*WHAT TO PRODUCE*
Omit the pictures and return exactly the stretch of the material below from the line with "Toner HP CF280A, nr" through the line with "Klarpris Help Centre home page".

*EXTRACTED MATERIAL*
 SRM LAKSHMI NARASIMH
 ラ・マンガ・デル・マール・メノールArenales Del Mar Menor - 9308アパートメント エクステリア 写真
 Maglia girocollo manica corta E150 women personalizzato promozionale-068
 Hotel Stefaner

==

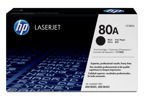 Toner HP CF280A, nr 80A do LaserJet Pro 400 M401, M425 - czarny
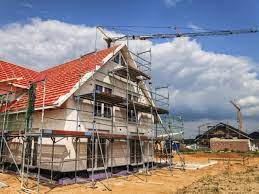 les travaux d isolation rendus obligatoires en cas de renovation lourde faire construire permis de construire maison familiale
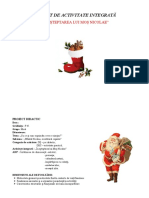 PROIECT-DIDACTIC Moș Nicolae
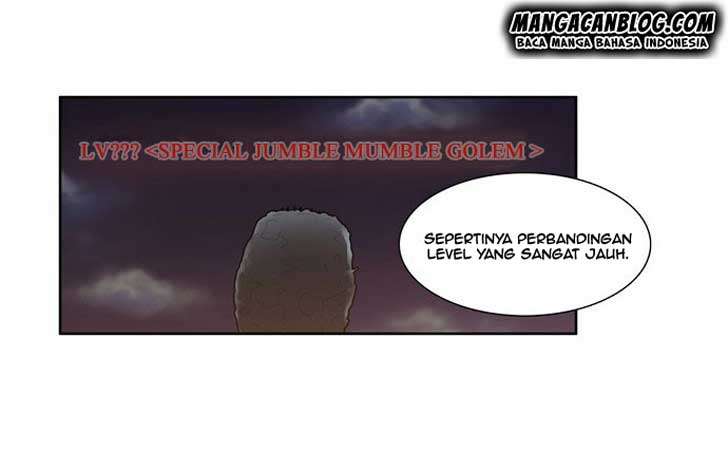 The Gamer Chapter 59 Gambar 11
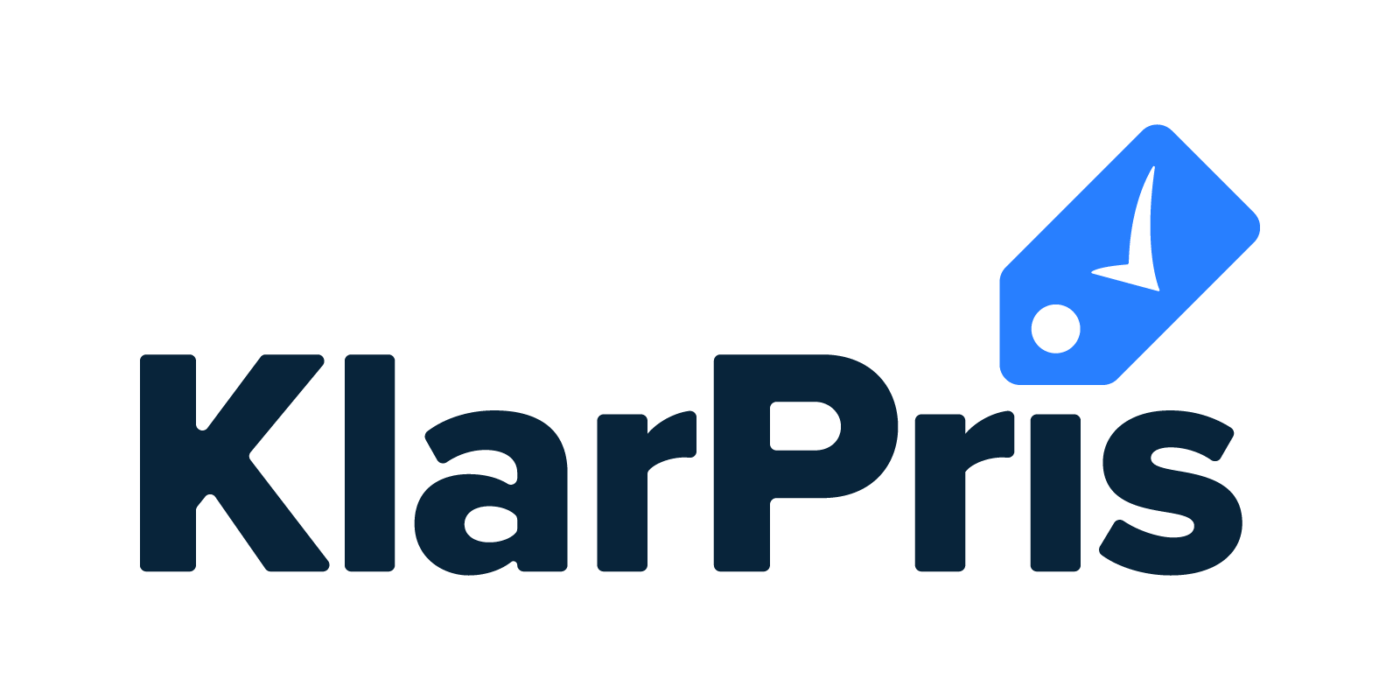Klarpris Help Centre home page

*EXERCISE RESULT*
 Toner HP CF280A, nr 80A do LaserJet Pro 400 M401, M425 - czarny
 les travaux d isolation rendus obligatoires en cas de renovation lourde faire construire permis de construire maison familiale
 PROIECT-DIDACTIC Moș Nicolae
 The Gamer Chapter 59 Gambar 11
Klarpris Help Centre home page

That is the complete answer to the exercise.